Саша был доволен – он ехал работать в зону с коэффициентом «2», что означало увеличение и зарплаты и полевых вдвое. С сентября ребята планировали жить отдельно, и экспедиция на берег Восточно-Сибирского моря должна было принести достаточно денег для съёма комнаты. «Сонь, ты не паникуй если связи не будет. Ежли что – сообщат, найдут способ». «Я тебе дам, если что!» - Соня погрозила мужу несерьёзным на вид кулаком. «Нет, правда, не волнуйся!» Соня вздохнула. «Гриша вон мне уже все объяснил, прошлым летом. Ладно. Но ты всё же постарайся, ага?»

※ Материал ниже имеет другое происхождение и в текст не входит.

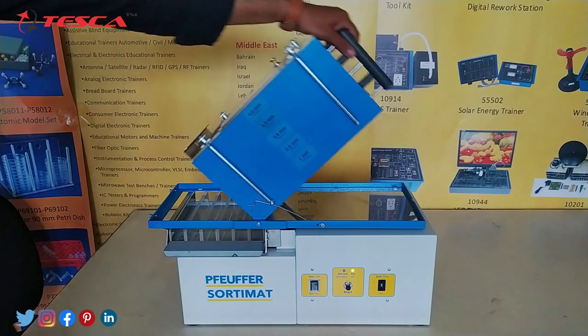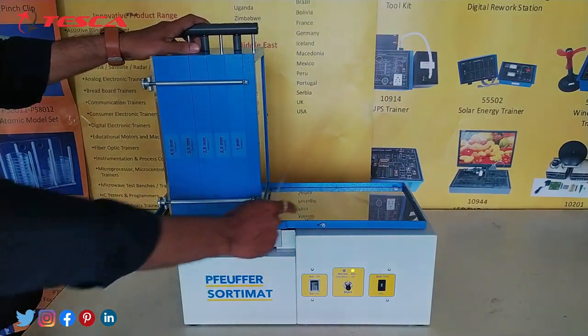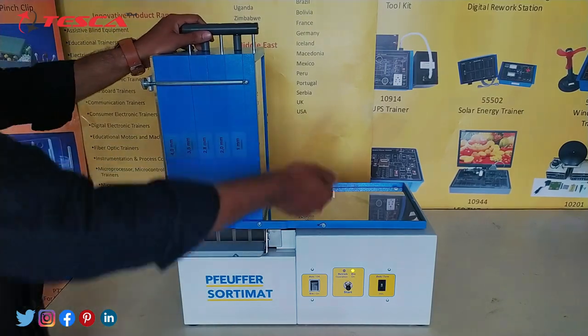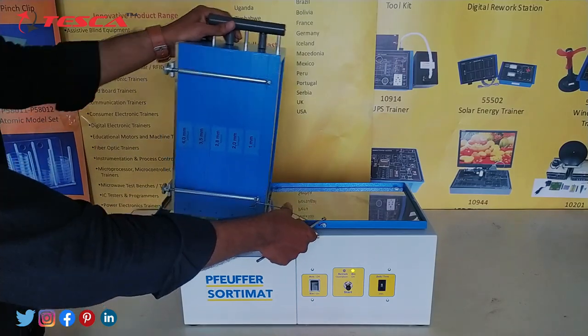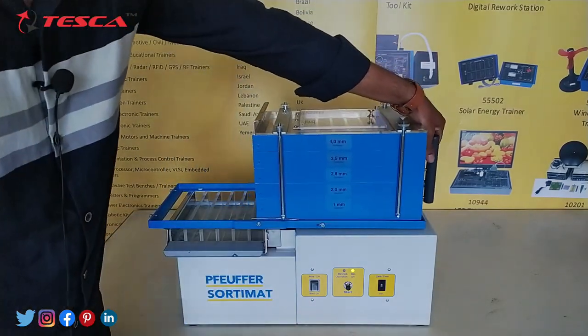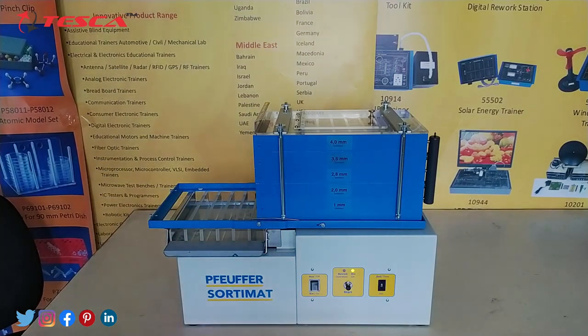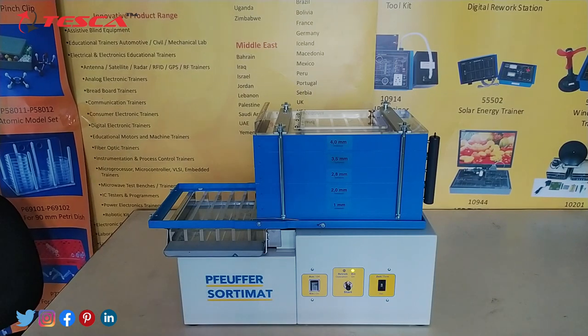When we keep this panel here, this wire locks the system so that it will not go to the back side. And when we have to keep it down, we have to press this wire. So this wire is a safety measure. That is how the working of the sorting machine occurs.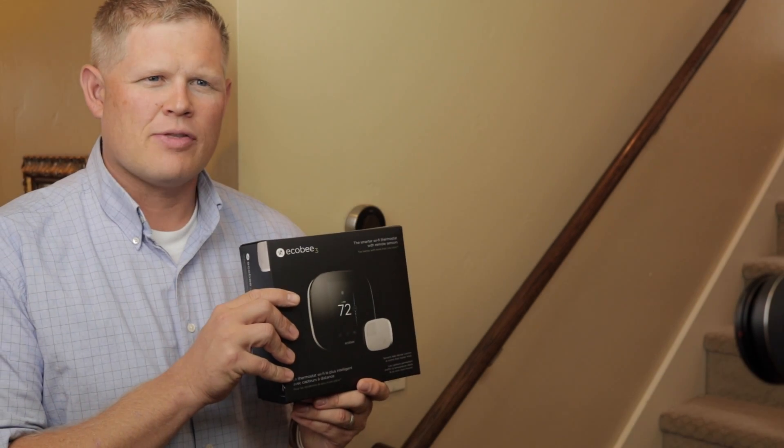Hi everybody, it's Greg and Eric. We are here today doing a little smart thermostat action. You can see our Nest on the wall, but we're bringing the new game in town: the Echo B3.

Но оказалось, что всё не так уж плохо. Жена радиста с базы работала на почте, и раз в несколько дней отправляла стандартную телеграмму: «Порядок целую пиши». Соня, у которой практика была не так далеко от цивилизации, писала часто, и когда до базы долетал вертолет, пачки адресованных Саше писем вызывали – незлые, впрочем, - усмешки. «Ишь, писательница! Кашу-то хоть варить умеет?» - подтрунивали над Сашей мужики. И с лёгкой завистью смотрели как он, забыв обо всех, читает эти письма и улыбается.

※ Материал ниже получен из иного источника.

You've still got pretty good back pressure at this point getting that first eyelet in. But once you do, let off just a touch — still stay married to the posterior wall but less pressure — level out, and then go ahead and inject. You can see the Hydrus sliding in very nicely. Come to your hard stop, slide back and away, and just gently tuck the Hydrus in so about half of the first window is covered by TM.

В середине сезона, однако, при чтении очередного письма он вышел из привычного тихого транса, вскочил, обвёл балок ошалелыми глазами, так что народ забеспокоился. «Что, Саш, что-то случилось? На-ка глотни спиртецу!» - и кто-то полез за заначкой. «Не, всё в порядке, мужики, спиртец придерждите. У меня ребенок будет».
Балок оживился. Это была новость. Спирт был, конечно, тут же достат и выпит за продолжение Сашиного рода. В Сонин адрес пошла радиограмма, переданная затем молнией: «Здорово вскл Телеграфируй каждый день как чувствуешь». Народ уже предвкушал каждодневный обмен новостями с большой землей, но через пару дней от Сони пришло краткое: «Без паники все порядке телеграф перегреется», и Саша понял что ежедневных сводок ему получать не суждено.

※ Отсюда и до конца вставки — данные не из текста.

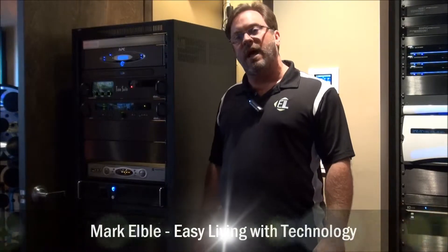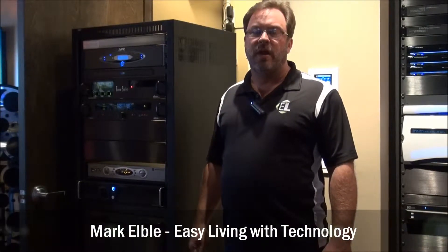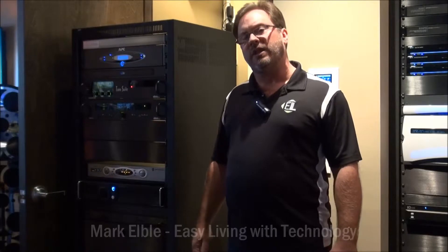Hi folks, Mark from Easy Living with Technology, here to expand upon our design concepts of our technology closet.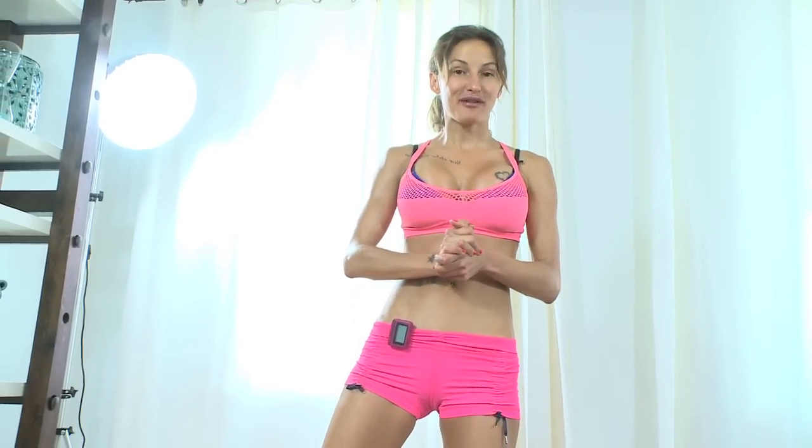That's it — that's your workout! I hope you enjoy it. Any questions, you know where we are — we're on the website or on the Facebook. Have a lovely day, enjoy your LIGHT program and I will see you tomorrow. Bye!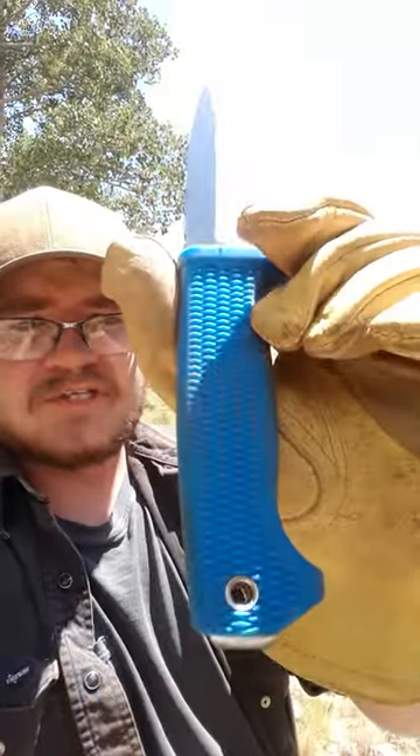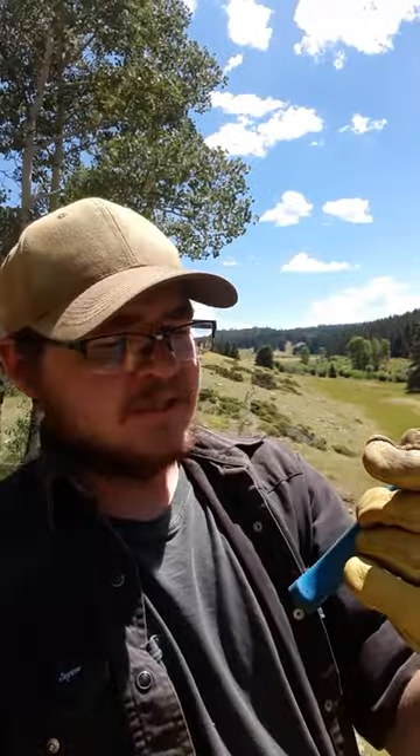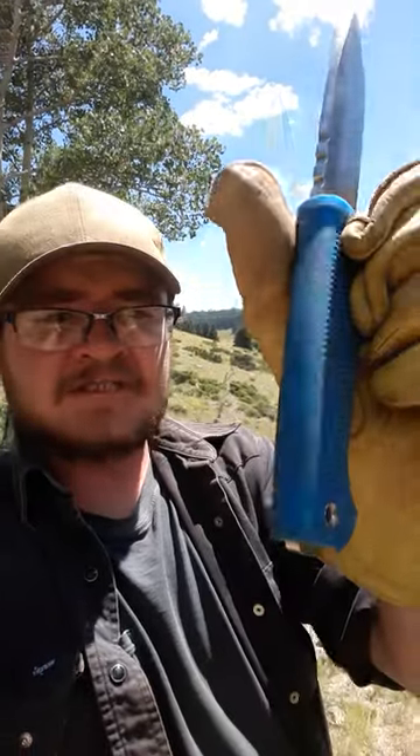It's super comfortable. Great size. The blue is gorgeous, even though within the next week or so it's not going to be very blue anymore. But I really, really like it. Fantastic fixed blade.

- Слушай, не беспокойся. Наш препод по военному делу, когда одна девица хотела от военки откосить по этому поводу ей вообще перед строем заявил, что беременность – это признак здоровья, а никак не болезни, так что от занятий она не освобождается. Пока пузо совсем не выросло, так и маршировала, - успокаивал Сашу студент почвофака Кирилл, которого занесло в отряд любопытство к арктическому почвоведению.
- Так она же тоже в поле, рюкзаки небось таскает!
- Ну она же у тебя не дура, наверное?
- Нет, чего нет того нет.
- Ну и нормально. Симпатичная?
- Слишком, - с полной откровенностью заявил Саша.
- Ну тогда найдется кому рюкзаки таскать.